===== ENTRIES SHOWN =====

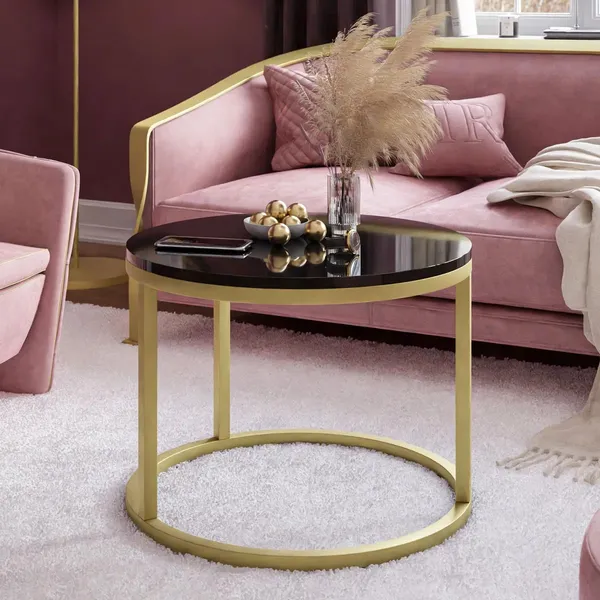 Golden_Black_Metal_Ottoman_For_Home_Decor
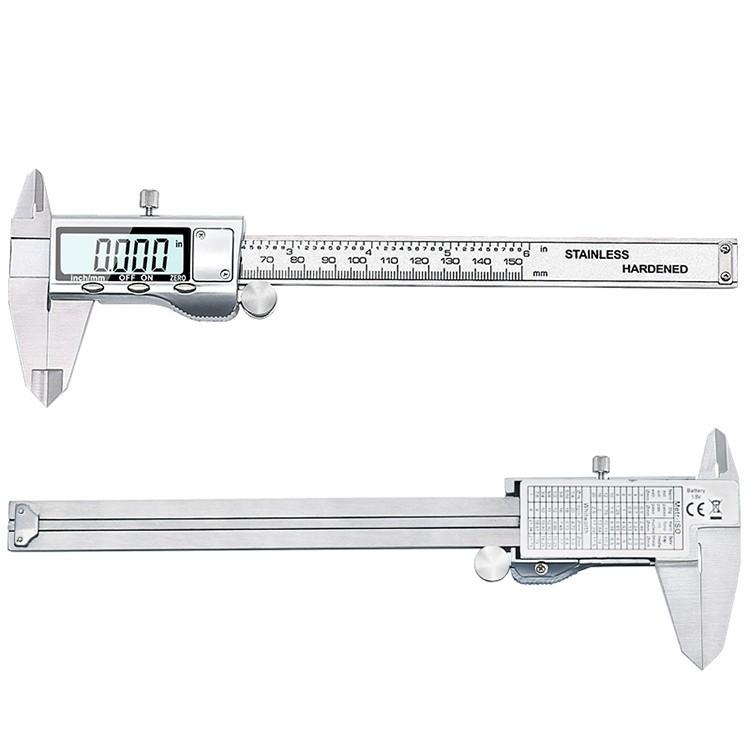 Stainless Steel Digital Vernier Calipers, High-precision Calipers 0-150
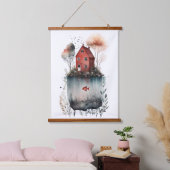 スウェーデンコテージ 吊り下げ型タペストリー (寝室)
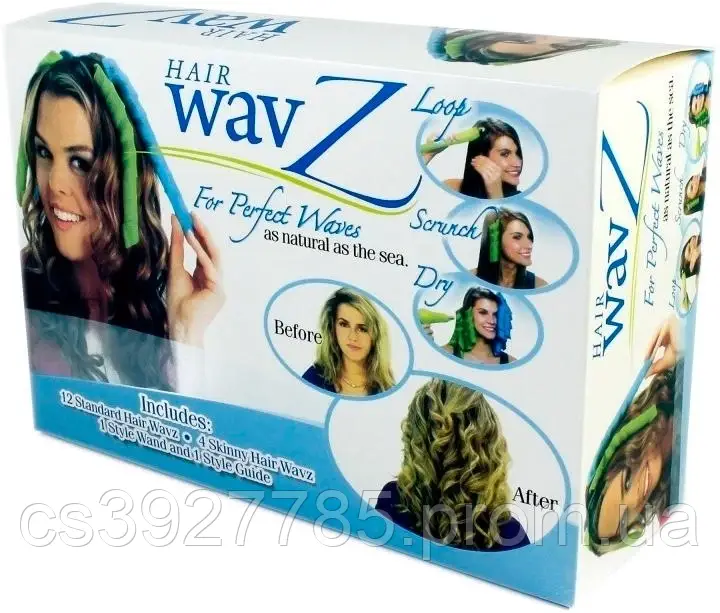 Волшебные бигуди Hair Wavz для волос любой длины - фото 6 - id-p2120417734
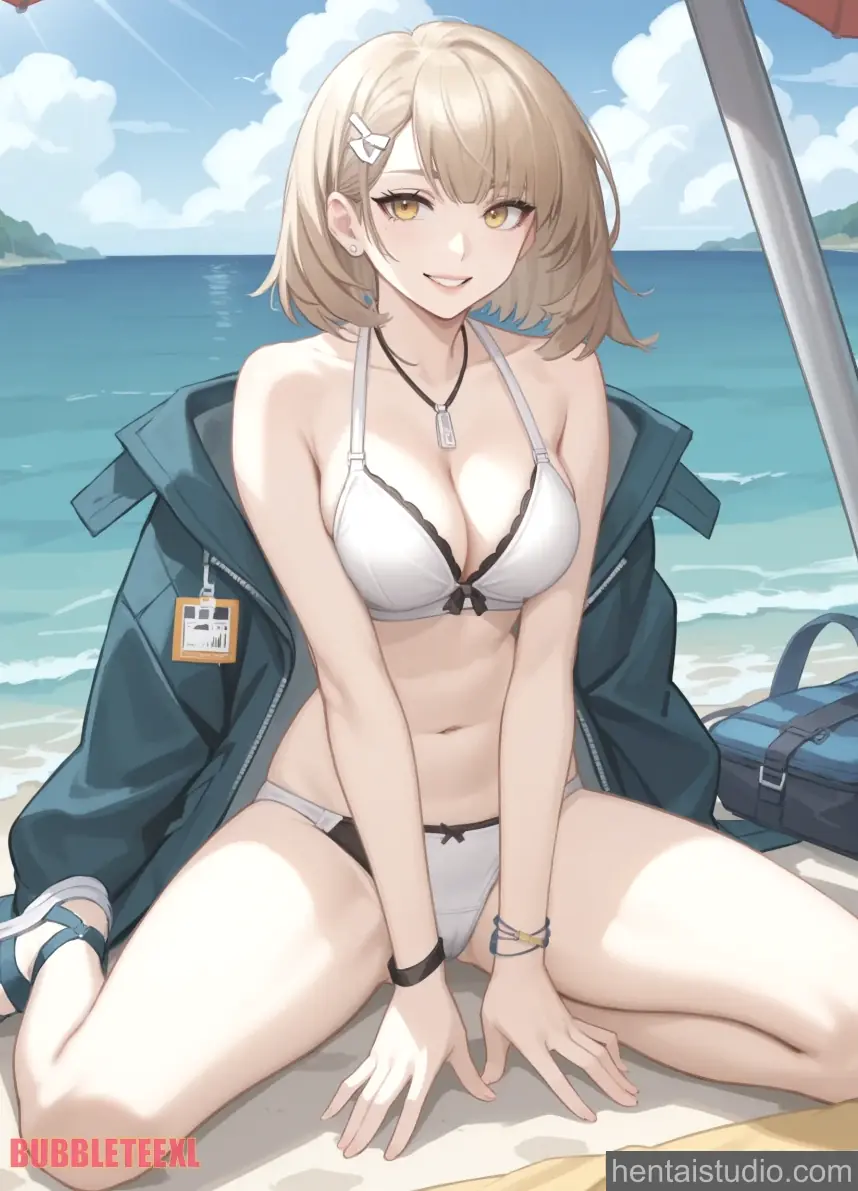 Firewhistle from Arknights hentai art 4 of 41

=====

Everything from the line with "スウェーデンコテージ 吊り下げ型タペストリー (寝室)" through the end of the records above, both ends included, is to be reproduced exactly, and nothing outside that span; the pictures are to be dropped.

## RESULT FOR THIS EXERCISE
 スウェーデンコテージ 吊り下げ型タペストリー (寝室)
 Волшебные бигуди Hair Wavz для волос любой длины - фото 6 - id-p2120417734
 Firewhistle from Arknights hentai art 4 of 41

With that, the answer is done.